:: MATERIAL SUPPLIED ::
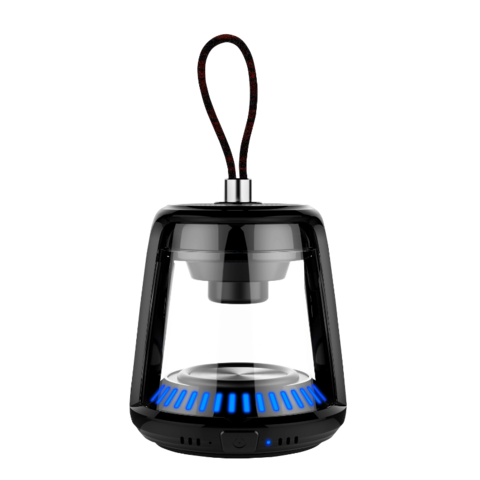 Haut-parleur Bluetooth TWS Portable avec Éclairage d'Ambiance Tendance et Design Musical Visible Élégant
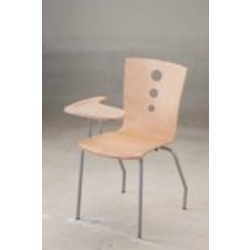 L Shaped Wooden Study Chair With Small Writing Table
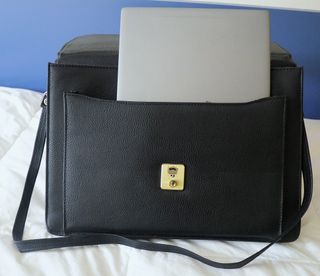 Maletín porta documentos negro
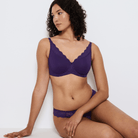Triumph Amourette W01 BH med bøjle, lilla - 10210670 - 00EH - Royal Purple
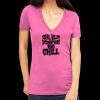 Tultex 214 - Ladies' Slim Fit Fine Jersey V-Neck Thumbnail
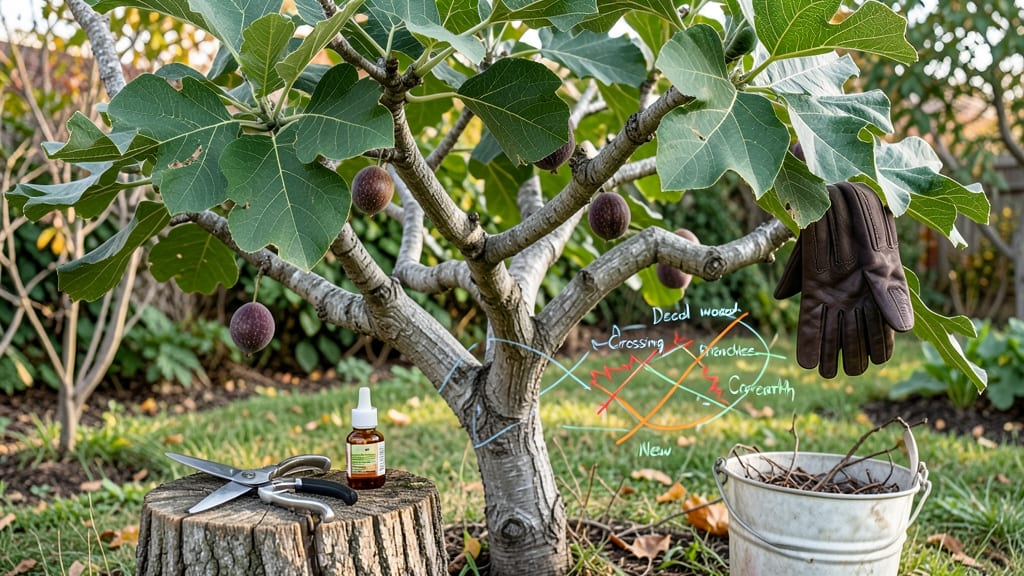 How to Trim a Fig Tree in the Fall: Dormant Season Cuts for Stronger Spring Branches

:: YOUR ASSIGNMENT ::
Write out all the entries again, word for word, and print no images.

:: EXERCISE RESULT ::
 Haut-parleur Bluetooth TWS Portable avec Éclairage d'Ambiance Tendance et Design Musical Visible Élégant
 L Shaped Wooden Study Chair With Small Writing Table
 Maletín porta documentos negro
Triumph Amourette W01 BH med bøjle, lilla - 10210670 - 00EH - Royal Purple
 Tultex 214 - Ladies' Slim Fit Fine Jersey V-Neck Thumbnail
 How to Trim a Fig Tree in the Fall: Dormant Season Cuts for Stronger Spring Branches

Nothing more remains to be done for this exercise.